My takeaways from 10th lecture of stanford machine learning course.

This lecture continues the discussion of previous lecture for the case when set of all the hypothesis is infinite. It proves, by informal argument, that sample complexity grows linearly with the "number of parameters" of the hypothesis class to hold the bounds on generalized error with certain probability. Then it explains shattering and VC dimension. And then, states the theorem regarding bounds on generalized error. It is also noted that all the theory developed so far (including that in the prev lecture) is based on the learning algorithms that work by ERM(empirical risk minimization).

Then, we go into the very practical side of applying learning algorithms and try to answer the questions regarding model selection and feature selection.

Model Selection --
Model selection means selecting a particular model for a given algorithm. For example selecting the value of bandwidth parameter for locally weighted regression, selecting the value of degree of the polynomial in polynomial regression model. There are 3 main ways to do it.

simple cross validation(or hold out cross validation) : when there is plenty of training set, then we divide it into training set(70%) and cross validation set(30%). For each model, we train it using the training set and find generalized error of the classifier for the cross-validation set. Finally, we select the model with least generalized error on the training set.

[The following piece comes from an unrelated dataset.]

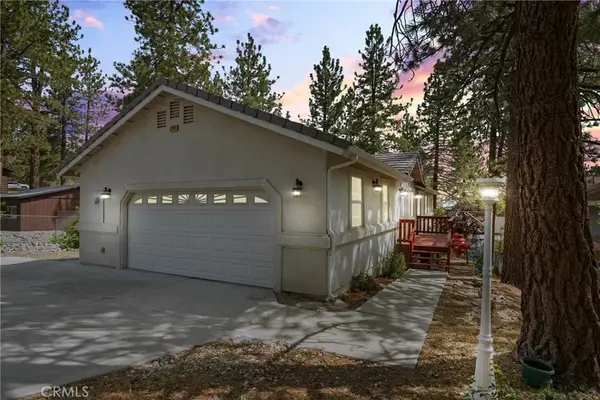 5399 Lone Pine Canyon, Wrightwood, CA 92397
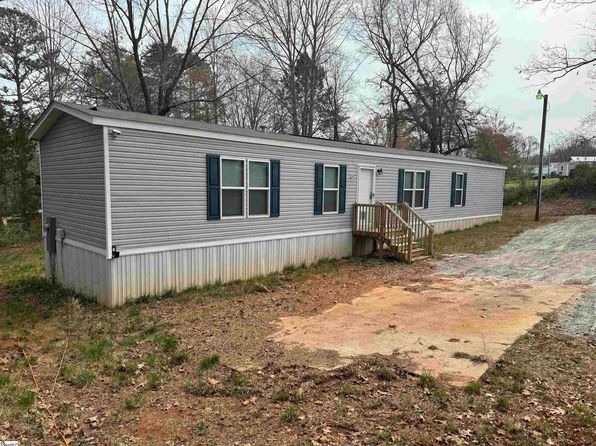 Easley SC Mobile Homes & Manufactured Homes For Sale - 6 Homes | Zillow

k-fold cross validation : when data is scarce, then this technique is used where whole dataset is divided into k sets containing m/k elements each(m is the size of total dataset available). For each small set, we train the classifier on union of remaining k-1 small sets.. find generalized error on one hold out set. We do same for each small set and average the generalized error and call it the generalized error of the particular model. In the end we select the model with least generalized error. Typicall k=10 works.

leave-one-out cross validation: this is special case of k-fold cross validation where k = m. It is used when available dataset is too small.

Feature Selection --
If we have n features, and n is very large. The problem of feature selection means to select appropriate subset of n features such that classifier's generalized error remains roughly the same. The lecture describes 2 ways.

Forward Search : we start with empty set and add one feature in each iteration found most important to minimize training error. we stop when we reach a threshold k, the number of features we want.

Backward Search : we start with set containing all the n features and on each iteration remove one least important feature till we reach our threshold.

both of the above are examples of wrapper model feature selection, since it is a procedure that "wraps" around your learning algorithm and repeatedly makes calls to it to evaluate how well it does using different feature subsets. Computationally this is very expensive.

Filter feature selection methods of feature selection are not as effective as wrapper model but are computationally cheap. They work simply by computing the correlation/mutual-information of pairs of (feature-xi, output-y). we leave out the features i which have smaller scores.